The NCAA Tournament ended just a few days ago and the pain or exuberance, depending on your bracket picks, is still fresh. As I watched hours of college basketball, I was struck by something the most successful teams have in common: they don’t get distracted by all 67 other teams in the tournament or even all the teams in their bracket. If they tried to prepare for every potential opponent, they’d get nowhere fast. Instead, to increase their chances of moving to the next round, they focus on what’s high priority and prepare for the team they’re immediately up against. They study the film to understand who the scoring threat is, and the defensive threat. They also know their own strengths and weaknesses and adapt their game plan appropriately.

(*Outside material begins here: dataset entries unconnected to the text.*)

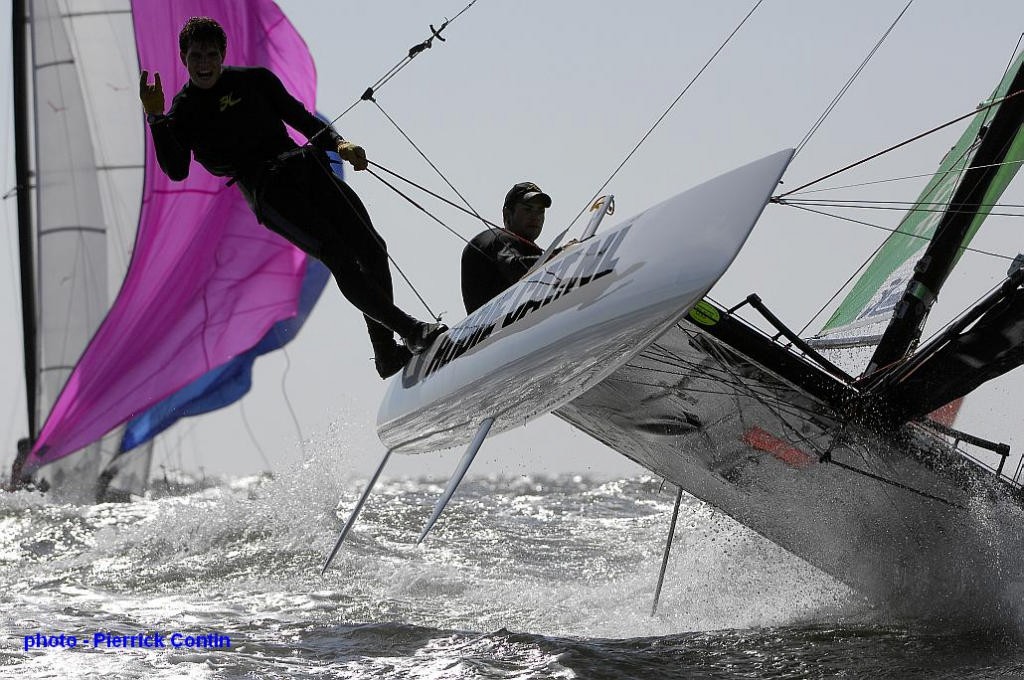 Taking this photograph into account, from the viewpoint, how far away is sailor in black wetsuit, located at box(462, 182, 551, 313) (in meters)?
3.90

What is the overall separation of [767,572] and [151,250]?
5.77m

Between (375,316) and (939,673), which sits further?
(375,316)

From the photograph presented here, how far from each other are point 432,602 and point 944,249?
2075mm

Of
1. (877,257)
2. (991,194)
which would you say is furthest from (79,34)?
(991,194)

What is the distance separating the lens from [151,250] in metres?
9.20

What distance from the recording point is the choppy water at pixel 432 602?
3434 mm

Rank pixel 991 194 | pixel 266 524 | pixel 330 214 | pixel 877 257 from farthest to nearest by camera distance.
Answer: pixel 266 524 → pixel 877 257 → pixel 991 194 → pixel 330 214

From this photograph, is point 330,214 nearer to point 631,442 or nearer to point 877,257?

As security professionals, we need to think about the threat landscape we face in much the same way. We need to move away from an “us against the world” perspective, which is inefficient and ineffective. Instead, we need to focus on a very specific world – our threat landscape. These three steps can help.

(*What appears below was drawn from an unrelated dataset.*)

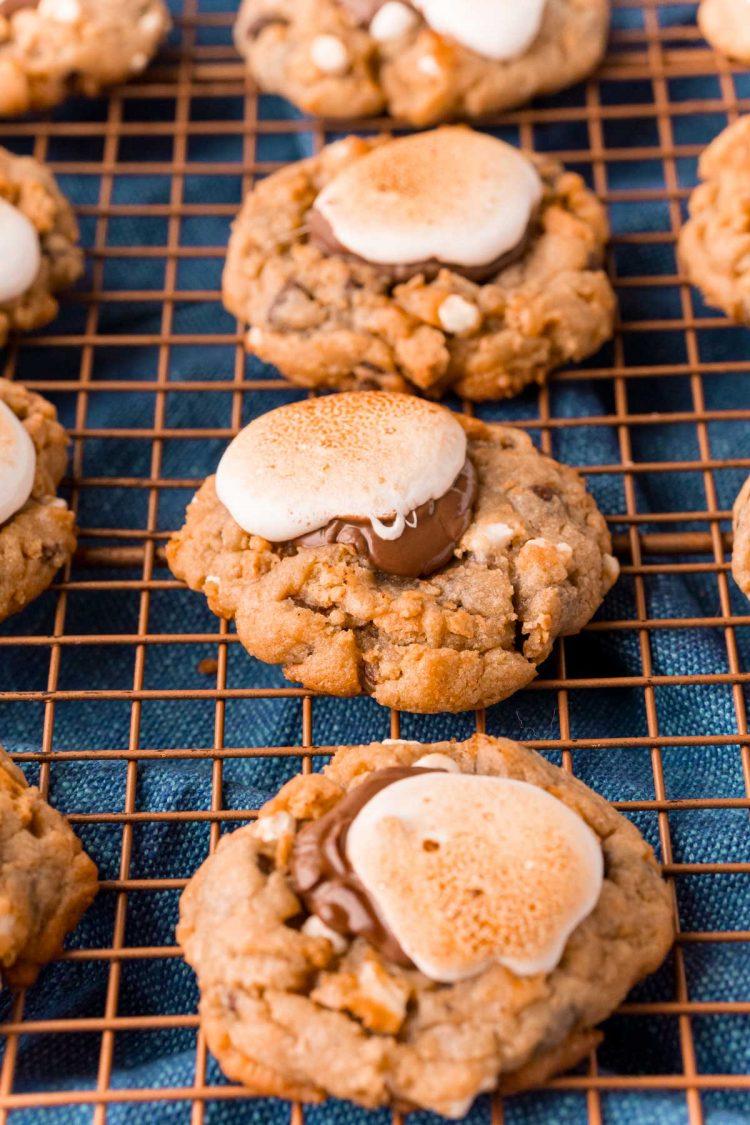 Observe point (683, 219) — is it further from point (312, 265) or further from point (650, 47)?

1) Tailor external threat data to you. Your view of the threat landscape consists of generic threat data that includes the signature updates you get from the defenses you use every day. These updates provide protection against the “known bad” or background noise every organization faces. You probably also consider Open Source Intelligence (OSINT) sources that offer free threat data that can provide valuable insights but also include noise.
To increase the level of personalization in threat feeds, you also should include:
• Geographic and industry-specific data provided by national/governmental Computer Emergency Response Teams (CERTs) and Information Sharing and Analysis Centers (ISACs) organized by industry.

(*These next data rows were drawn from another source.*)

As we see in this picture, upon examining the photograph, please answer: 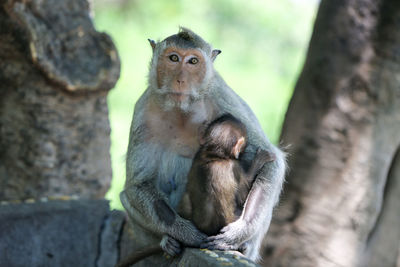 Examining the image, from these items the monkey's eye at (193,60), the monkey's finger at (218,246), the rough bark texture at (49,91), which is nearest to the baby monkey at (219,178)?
the monkey's finger at (218,246)

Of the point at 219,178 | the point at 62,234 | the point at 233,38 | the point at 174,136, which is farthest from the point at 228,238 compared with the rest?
the point at 233,38

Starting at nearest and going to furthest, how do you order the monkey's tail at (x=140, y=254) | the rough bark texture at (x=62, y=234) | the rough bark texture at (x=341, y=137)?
the monkey's tail at (x=140, y=254) < the rough bark texture at (x=62, y=234) < the rough bark texture at (x=341, y=137)

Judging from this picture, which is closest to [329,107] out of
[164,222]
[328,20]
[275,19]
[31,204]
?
[328,20]

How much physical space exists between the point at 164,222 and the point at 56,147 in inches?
69.0

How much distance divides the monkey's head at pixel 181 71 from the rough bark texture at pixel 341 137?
1.70m

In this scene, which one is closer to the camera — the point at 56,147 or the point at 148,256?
the point at 148,256

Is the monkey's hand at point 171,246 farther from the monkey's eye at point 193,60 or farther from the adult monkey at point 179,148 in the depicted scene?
the monkey's eye at point 193,60

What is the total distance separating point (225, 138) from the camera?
3.60 metres

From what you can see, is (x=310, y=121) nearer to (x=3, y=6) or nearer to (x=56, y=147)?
(x=56, y=147)

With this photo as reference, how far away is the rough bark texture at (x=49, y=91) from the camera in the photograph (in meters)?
4.80

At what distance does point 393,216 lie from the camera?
5.48 m

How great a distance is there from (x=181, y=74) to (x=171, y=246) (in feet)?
3.51

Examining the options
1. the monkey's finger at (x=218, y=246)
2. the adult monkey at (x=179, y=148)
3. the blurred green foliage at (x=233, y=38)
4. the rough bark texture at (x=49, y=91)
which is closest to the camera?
the monkey's finger at (x=218, y=246)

• Commercially available threat feeds that provide more details on adversaries, their targets and their tools, techniques and procedures (TTPs).
• Threat data based on your supply chain and other third parties in your ecosystem, that adversaries may be actively targeting and can potentially use as stepping stones to infiltrate your organization.
2) Filter further based on your internal landscape. More specific external threat data is great, but the volume of data still becomes overwhelming. You need to start to pinpoint the data that’s relevant by analyzing threats and campaigns within the context of your current security infrastructure, security configuration and your overall organization. For example, you learn of a spear phish campaign that is targeting HR or finance departments within your industry. Or you hear of a ransomware attack that takes advantage of a specific vulnerability or mis-configuration to infiltrate organizations. By mapping that intelligence to your security infrastructure, configurations and personnel you can determine relevance and if you need to take action, like prioritize a specific patch, update certain settings or a conduct security awareness training.
3) Prioritize based on your risk profile. Every organization has a certain amount and type of risk it is willing to accept. Understanding your risk profile allows you to zero in on the threats that your organization considers high priority. With the ability to customize risk scores based on your own set of scoring parameters you can stay focused on what’s relevant. Automatically prioritizing and reprioritizing as the external and internal landscape changes, allows you to focus your resources and continuously adapt your security strategy.
Like the teams that progress through to the NCAA National Championship, you’ve now pared down “the threat landscape” to “your threat landscape” and set yourself up for success. When security operations are based on a foundation that includes focusing on the threats that are high priority and knowing your strengths and weaknesses, the odds are in your favor.